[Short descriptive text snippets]

'''

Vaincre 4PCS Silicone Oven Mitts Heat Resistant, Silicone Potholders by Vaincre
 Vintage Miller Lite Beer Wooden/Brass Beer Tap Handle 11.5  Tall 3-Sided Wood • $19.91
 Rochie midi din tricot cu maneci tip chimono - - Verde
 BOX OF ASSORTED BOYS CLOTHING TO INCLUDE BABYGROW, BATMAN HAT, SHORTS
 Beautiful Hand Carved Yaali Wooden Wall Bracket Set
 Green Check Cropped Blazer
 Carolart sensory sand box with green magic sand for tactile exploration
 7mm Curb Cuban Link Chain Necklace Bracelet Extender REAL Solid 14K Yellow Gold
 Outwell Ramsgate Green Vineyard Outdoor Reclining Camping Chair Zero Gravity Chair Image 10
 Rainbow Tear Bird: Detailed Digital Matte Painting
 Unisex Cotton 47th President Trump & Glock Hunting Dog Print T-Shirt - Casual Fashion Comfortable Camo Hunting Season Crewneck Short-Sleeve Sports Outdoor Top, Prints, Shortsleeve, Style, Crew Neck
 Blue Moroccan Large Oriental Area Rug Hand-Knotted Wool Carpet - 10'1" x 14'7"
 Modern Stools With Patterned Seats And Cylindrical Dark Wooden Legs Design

'''

TASK OBJECTIVE:
Looking at the data above, how many lines hold the string "Outdoor"? Reply with only the number.

EXERCISE RESPONSE:
2